Eight months after the filing, two sources familiar with the process said creditors are working on a reorganization plan that elbows Zell aside. The creditors, including investment banks owed $8.6 billion from Zell’s Tribune takeover, would stage a takeover of their own and sell off the company’s newspapers and broadcast stations as they see fit.
“The banks will be in charge,” one insider said, adding that they are growing impatient with Zell’s stewardship. The bankruptcy court on Monday granted Zell extended time, until Nov. 30, to be the first to file a reorganization plan. Creditors have to wait at least that long before filing their own plan with the court.
William Brandt Jr., a corporate turnaround expert not involved in the case, said enough time has passed so that creditors and the debtor want to cut losses and save face. He said an honorable exit is especially important to Zell, who might need investment banking help for future deals.
“This was a textbook case of a leverage buyout gone bad,” said Brandt, president of Development Specialists Inc. “These were imbeciles who had no idea what they were doing.”
Brandt said Zell waited too long to sell major assets, accomplishing only a $650 million sale of Newsday, the Long Island-based daily. A sale of the Tribune-owned Chicago Cubs for around $900 million is not final and suffered a months-long detour when Zell tried to sell Wrigley Field separately to an arm of state government.
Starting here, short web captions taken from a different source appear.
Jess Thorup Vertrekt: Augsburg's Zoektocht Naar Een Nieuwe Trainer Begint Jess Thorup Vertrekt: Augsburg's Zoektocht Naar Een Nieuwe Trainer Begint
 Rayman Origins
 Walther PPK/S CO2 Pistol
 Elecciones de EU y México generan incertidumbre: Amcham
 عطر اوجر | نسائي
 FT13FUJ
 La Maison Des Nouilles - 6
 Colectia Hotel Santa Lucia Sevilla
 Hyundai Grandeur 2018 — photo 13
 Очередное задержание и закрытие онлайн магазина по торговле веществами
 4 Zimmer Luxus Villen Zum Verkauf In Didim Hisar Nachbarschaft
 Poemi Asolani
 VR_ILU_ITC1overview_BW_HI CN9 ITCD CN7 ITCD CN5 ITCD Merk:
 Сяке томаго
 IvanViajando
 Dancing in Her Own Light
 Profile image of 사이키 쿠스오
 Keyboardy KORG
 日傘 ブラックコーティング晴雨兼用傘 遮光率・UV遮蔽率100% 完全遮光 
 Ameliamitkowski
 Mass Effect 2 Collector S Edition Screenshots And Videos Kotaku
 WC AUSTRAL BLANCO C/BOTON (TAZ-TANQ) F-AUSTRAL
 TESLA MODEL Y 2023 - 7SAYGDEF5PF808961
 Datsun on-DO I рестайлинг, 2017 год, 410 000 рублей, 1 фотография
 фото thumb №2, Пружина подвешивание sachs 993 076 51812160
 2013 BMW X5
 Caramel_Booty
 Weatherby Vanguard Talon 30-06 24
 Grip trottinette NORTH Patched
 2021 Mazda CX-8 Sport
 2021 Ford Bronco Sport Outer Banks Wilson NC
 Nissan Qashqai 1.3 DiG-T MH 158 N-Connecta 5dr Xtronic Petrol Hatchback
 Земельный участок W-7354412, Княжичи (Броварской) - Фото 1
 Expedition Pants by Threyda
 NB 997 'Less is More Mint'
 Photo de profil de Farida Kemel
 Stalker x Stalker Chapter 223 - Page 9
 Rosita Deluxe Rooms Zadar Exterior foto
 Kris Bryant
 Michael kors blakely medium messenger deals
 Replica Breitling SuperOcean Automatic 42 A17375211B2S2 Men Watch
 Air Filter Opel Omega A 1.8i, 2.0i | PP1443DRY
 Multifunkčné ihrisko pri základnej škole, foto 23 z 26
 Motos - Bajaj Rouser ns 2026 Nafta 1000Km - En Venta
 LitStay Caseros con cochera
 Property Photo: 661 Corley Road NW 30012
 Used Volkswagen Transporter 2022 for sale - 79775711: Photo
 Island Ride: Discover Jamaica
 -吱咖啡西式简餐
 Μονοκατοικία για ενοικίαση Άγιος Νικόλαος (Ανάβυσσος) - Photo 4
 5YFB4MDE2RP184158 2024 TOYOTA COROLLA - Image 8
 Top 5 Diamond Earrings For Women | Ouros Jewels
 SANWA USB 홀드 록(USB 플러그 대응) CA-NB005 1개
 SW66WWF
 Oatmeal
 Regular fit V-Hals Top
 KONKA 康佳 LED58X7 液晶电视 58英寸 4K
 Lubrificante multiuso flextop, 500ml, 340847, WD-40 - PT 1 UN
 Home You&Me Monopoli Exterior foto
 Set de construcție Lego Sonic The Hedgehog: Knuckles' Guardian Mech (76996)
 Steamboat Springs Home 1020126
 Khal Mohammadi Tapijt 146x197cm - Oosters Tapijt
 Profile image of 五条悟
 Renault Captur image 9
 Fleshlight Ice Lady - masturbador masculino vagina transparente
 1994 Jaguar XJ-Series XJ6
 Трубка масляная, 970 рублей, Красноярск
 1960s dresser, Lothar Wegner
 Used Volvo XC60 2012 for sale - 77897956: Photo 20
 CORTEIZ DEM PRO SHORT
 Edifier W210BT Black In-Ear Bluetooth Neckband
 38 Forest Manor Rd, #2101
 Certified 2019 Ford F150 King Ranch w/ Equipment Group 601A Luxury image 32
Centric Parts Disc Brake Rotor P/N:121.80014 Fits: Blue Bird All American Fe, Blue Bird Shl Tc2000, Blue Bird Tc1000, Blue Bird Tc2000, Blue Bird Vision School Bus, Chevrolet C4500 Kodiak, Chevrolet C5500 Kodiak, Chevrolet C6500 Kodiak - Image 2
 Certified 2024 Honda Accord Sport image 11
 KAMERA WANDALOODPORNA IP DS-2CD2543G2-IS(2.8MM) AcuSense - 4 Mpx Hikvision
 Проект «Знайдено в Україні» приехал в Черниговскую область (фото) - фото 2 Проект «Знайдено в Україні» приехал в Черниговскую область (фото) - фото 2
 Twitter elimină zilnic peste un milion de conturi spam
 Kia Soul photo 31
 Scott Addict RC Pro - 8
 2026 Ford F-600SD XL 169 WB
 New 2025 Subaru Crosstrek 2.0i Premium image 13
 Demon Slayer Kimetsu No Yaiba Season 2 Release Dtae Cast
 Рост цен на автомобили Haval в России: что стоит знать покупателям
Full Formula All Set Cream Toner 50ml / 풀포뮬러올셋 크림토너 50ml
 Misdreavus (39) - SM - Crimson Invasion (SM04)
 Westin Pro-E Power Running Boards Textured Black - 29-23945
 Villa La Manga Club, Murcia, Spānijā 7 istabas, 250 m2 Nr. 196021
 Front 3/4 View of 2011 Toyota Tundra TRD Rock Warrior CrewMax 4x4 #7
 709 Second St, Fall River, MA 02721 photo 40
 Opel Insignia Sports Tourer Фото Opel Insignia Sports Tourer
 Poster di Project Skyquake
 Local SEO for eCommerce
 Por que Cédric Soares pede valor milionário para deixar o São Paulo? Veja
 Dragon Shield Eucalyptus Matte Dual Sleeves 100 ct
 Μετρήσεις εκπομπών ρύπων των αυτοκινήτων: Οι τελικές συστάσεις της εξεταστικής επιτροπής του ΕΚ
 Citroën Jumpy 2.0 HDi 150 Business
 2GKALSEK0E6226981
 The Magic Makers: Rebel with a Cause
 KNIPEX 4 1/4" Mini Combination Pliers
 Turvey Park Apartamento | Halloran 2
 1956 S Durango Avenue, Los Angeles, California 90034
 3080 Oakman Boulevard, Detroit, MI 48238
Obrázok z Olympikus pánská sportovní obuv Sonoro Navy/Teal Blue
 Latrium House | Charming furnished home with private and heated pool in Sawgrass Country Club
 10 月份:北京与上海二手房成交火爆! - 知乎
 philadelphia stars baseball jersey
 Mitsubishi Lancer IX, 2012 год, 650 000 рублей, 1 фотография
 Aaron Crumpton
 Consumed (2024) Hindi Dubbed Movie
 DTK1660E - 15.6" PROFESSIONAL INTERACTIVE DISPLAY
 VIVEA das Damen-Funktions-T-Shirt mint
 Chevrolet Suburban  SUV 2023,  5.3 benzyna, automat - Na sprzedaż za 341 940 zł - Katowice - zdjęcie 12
Still, Tribune financial reports filed with the bankruptcy court show recent improvement. The company’s cash on hand rose to $740.5 million as of June 28, up from $702 million in late May. It reported profitable operations in June aside from debt obligations, but for the period from Dec. 8, 2008 to June 28 it said it lost $836.5 million. The numbers don’t include units such as the Cubs, which were left out of the bankruptcy filing.
Tribune spokesman Gary Weitman said, “Since going private, we have re-engineered many of our existing products and introduced new ones, expanded our local news programming, dramatically reduced our expenses and positioned the company to succeed in the face of an extremely difficult ad environment and a worsening economy.”
He added that Zell and other managers “remain actively engaged and committed to Tribune. The restructuring is still in progress and we continue having positive discussions with our various creditor constituencies. It is premature to speculate about the company’s final ownership structure.”
While the company has laid off workers, it has hired others to fill new needs. Bankruptcy experts said creditors usually don’t object to such new expenses if they believe they help preserve value.
Tribune debt recently traded for about 7 cents on the dollar, meaning investors think a lottery ticket is just as likely to pay off. The company’s total debt, counting what Zell assumed in his takeover, is around $13 billion.
Brandt said the Tribune deal has become such a “reputational disaster” for Zell that’s he’s probably not involved much in management other than creditor negotiations. That could be one reason the company wants bankruptcy court approval to pay bonuses of about $70 million to top managers.
Tribune owns the Chicago Tribune, the Los Angeles Times and other major newspapers, as well as WGN-TV and radio and 22 other TV stations.
David Wirt, chairman of the bankruptcy practice at the firm Locke Lord Bissell & Liddell, said Zell may be getting pressure because creditors want to see revenue growth, and not just cost-cutting. Also, the bankruptcy process is expensive and participants tire of paying lawyer fees that can top $800 an hour for senior partners, said Wirt, whose firm is not involved in the case.
In late 2008, debt analyst Mike Simonton of Fitch Ratings estimated Tribune was worth about $4 billion if sold. Since then, the company’s balance sheet has worsened. As of June 28, Tribune said its liabilities exceeded assets by $7.1 billion, vs. $5.7 billion at the time of Simonton’s estimate.
Even after a drawn-out liquidation, creditors may be lucky to get a third of their investment back.